A Python-Centered Fast Track to Multidisciplinary Data Science for Mathematics Students

John Ringland

Mathematics Department, University at Buffalo

Math students, through their comfort with abstraction, have a lot to offer the practice of data analysis, but many have led a sheltered life with no exposure to data or even to the "STE" of STEM. This course is designed to provide for such students a rapid introduction to tools and methods for acquiring, storing, manipulating, exploring, and displaying data - both small and big. Applications are drawn including astronomy, bioinformatics, health care informatics, mathematics, physics, urban and regional planning, and data journalism. The course embodies the following four principles: 1. Students learning by doing. The course is taught in an intensively hands-on format: rarely does 10 minutes pass without the students actively engaged in an activity. 2. Open-ended data explorations can challenge and stimulate the interest of students at all levels of experience and ability. 3. Writing reports gives students opportunities to integrate knowledge, to discover ways they can express themselves, and to create products they can be proud of. 4. Non-proprietary software empowers for the long term.

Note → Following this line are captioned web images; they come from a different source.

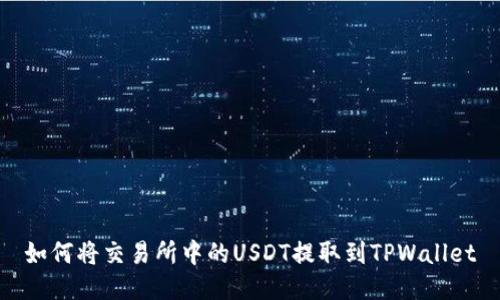 如何将交易所中的USDT提取到TPWallet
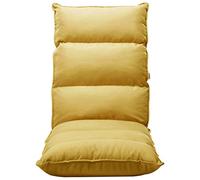 Generico Sedia a Sdraio da Terra Pieghevole Giallo Senape in Tessuto,Giallo,6.35kg,325242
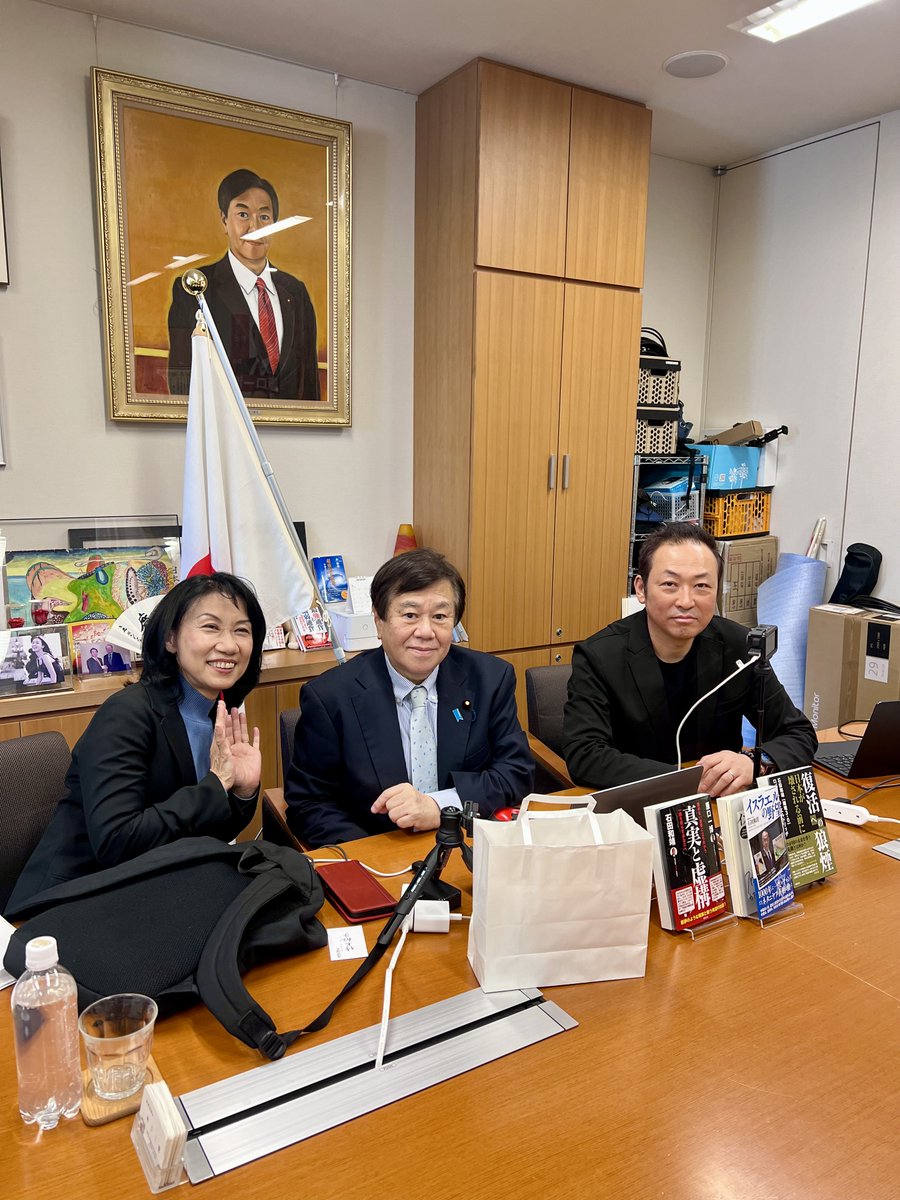 yuko_koenkai's tweet image. 先日の総会出席後、原口一博代議士の事務所へご挨拶に伺いました。
事務所内では、YouTuber石田和靖氏とのライブ配信前のご多忙の折にもかかわらず、温かくお迎えいただきました。心より御礼申し上げます。今後とも引き続き、どうぞよろしくお願いいたします。

#竹上ゆうこ 
#原口一博 
#石田和靖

We seek to provide tools and skills that students can continue to use after graduation - at work and at home, regardless of their career path. The Python programming language stands alone in being completely free, powerful enough, broadly applicable enough, and easy enough to learn quickly, to facilitate the ambitious demands of our course. It has excellent facilities for text-processing and web-scraping, for sophisticated graphics, for tabular data-processing beyond the capacities of spreadsheets, and interfaces with databases of all kinds and with big-data frameworks like Hadoop and Apache Spark, and with machine learning systems like Google Tensorflow. Geographical Information Systems like QGIS (and its proprietary counterparts) are scriptable with Python. I will show examples of course modules and of work produced by students.